As a digital engineer, depending on your interests and specialization – hardware, software, or data management, you could participate in the production of digital devices and appliances or be involved with designing solutions related to the aerospace industry, defense systems, power plants, or smart city infrastructure.
With this kind of expertise, you can also help broader engineering disciplines, allowing their projects to come to life by using simulations, models, analysis, and big data insights.
4. Biomedical Engineer
One can hardly exaggerate the importance of biomedical engineering and its prospect for the future.
Since this field focuses on two things – technological advancements and finding cures for different illnesses and diseases, there will be constant developments of this discipline and many open positions in the years and decades to come.

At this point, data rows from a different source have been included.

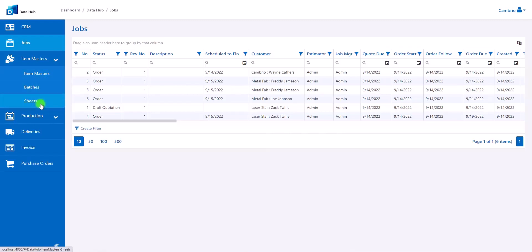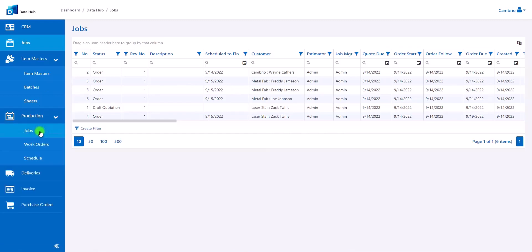The other tab that we'll have in here is the production module. This will show the statuses of jobs, work orders, and schedules. The schedule view will be very similar to what you'd see inside a load manager.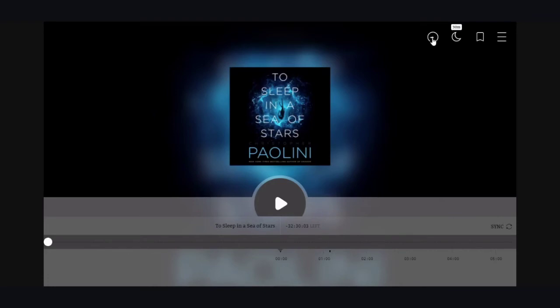You can also speed up the reading if you'd like — just click and drag down.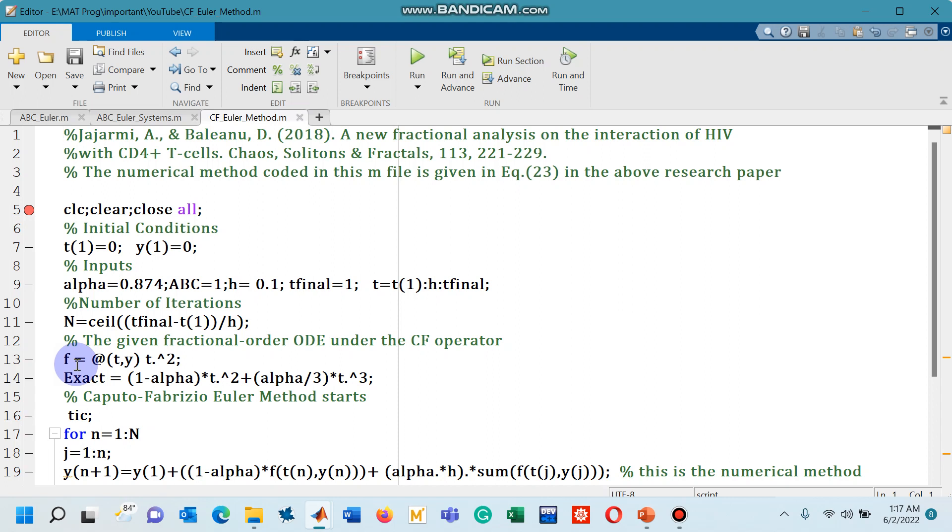Hello viewers, in this lecture I will tell you how to design a MATLAB code to simulate a differential equation that is defined under the CF operator called Caputo-Fabrizio operator.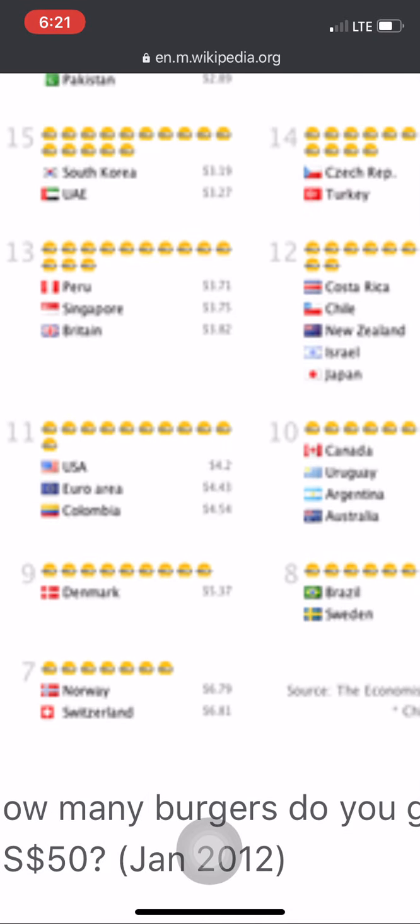The Big Mac Index is just another way of measuring purchasing power parity, and it seeks to make exchange rate theory a bit more digestible. It explains things in a way that people can understand — you can buy 30 burgers in India for 50 US dollars, but with the same 50 dollars you can only buy 11 in America and 10 in Canada and Australia. This tells you that the cost of living is very cheap in India and very high in Nordic countries, Canada, Australia, Sweden, Denmark, Norway, and Switzerland.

Furthermore, with the average lifespan increasing with each generation, the need for new biomedical solutions for devices and surgeries, like hip or knee replacements, can only increase.
Biomedical engineers use their medical and engineering expertise to create and develop new software, systems, and equipment that can help advance the healthcare system and the medical industry.
They are usually employed by medical equipment manufacturers, health services, rehabilitation institutions, and research facilities.
5. Automation and Robotics Engineer
Another engineering branch with a bright future is the science of designing and creating robots that are used to speed up and automate a number of processes in various industries, such as sea exploration, nuclear science, or designing of bio-medical equipment, to just name a few.
However, this is a very demanding and detail-oriented career path. Your working knowledge base has to include a combination of mechanical, hardware, electrical, and software engineering skills.
One of the main roles of an automation and robotics engineer is to design plans for the manufacturing of the machines and robots so that they can be built and assembled to work with precision.
Apart from watching their creations come to life, robotics engineers have to test them to verify that they can safely and effectively execute tasks they have been built for.
6. Industrial Engineer
The main job of an industrial engineer is to find a way to make production processes more efficient and effective.
These professionals are tasked with evaluating production processes, optimizing them, eliminating wastefulness, and improving quality and productivity.
In a nutshell, industrial engineers are trained to figure out how to do things better, prevent waste of time, money, energy, and resources, as well as devise efficient ways to best integrate workers, materials, technologies, and information into a system.
If you opt for this field of engineering, you’ll have the opportunity to work in a wide variety of industries, including the information and communication industry, financial and insurance services, logistics and supply chain, and many more.
7. Safety Engineer
Ensuring safety in the workplace should be among the top priority of every business.
Although many companies hire health and safety managers to overlook this aspect of operations, there’s another level of EHS responsible for improving and developing working conditions and mitigating health risks – safety engineers.
While it’s safety managers’ job to supervise and enforce the implementation of the best safety practices, safety engineers actually design the systems, environments, and processes.
Besides safety assessment and evaluation, these experts can also predict safety hazards in advance and make improvements that will prevent accidents and save lives.
This job requires collecting, analyzing, and interpreting a lot of data, and multiple disciplines have to be taken into consideration for designing, implementing, and maintaining a safe workplace.
If you’re interested in pursuing a career in engineering, think about these 7 jobs as they will be in high demand in the future.